There may not yet be a learning context for the overall community, but there is for the small group of people who want to experiment with the different syntax that they've come up with. They may find that their syntax changes don't work as well as they thought and abandon them. A bunch of them may find one particular syntax change or addition to be very useful and push for it to be included in the mainline frontend. We won't know any of this till they experiment and talk to each other.

Nothing is perfect and freedoms of open source come with their own drawbacks. I still find the benefits worth it but that doesn't mean that does mean that drawbacks are to be liked. Sometimes social aspect can be used as a counter-measure of technical flaw.

To stress this point a bit more - constant bikeshedding is already one the major problems with D development culture. Everyone has his own opinion about the best syntax sugar or key features missing. One thing I respect established DMD contributors for is that they are capable of prioritizing the bigger picture over own preferences, despite the fact there is no one actually defining that bigger picture. If anything, I'd much more appreciate a real full-blown fork with a different vision (there are actually few already present) than encouraging a fragmentation over trivialities.

But not everyone wants a full fork, they just want to tweak the syntax to best suit their preferences. One of the things I like about D is how it uses the old C-style syntax, so I don't have to rewire the C-style parser in my head every time I read D code. Others have different parsers in their heads however. ;)

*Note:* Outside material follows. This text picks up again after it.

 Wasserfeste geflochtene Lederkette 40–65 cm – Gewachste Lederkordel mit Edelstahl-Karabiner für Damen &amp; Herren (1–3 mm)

I've been thinking for some time that the solution to avoid source code formatting arguments is to have a formatter only show you source in the format you prefer, whether tabs over spaces or egyptian braces. Perhaps the same is possible for syntax to a large extent, ie you download D source and your editor automatically runs it through a syntax translator so that you see the syntax you prefer. This doesn't have to be part of the compiler, it can be done by other tools, though perhaps such translation tools would likely be built on the DDMD frontend.

Perhaps this is a first step in experimenting with such syntax translation, or maybe it doesn't go anywhere. Let's not worry about fragmentation because of some small experiments.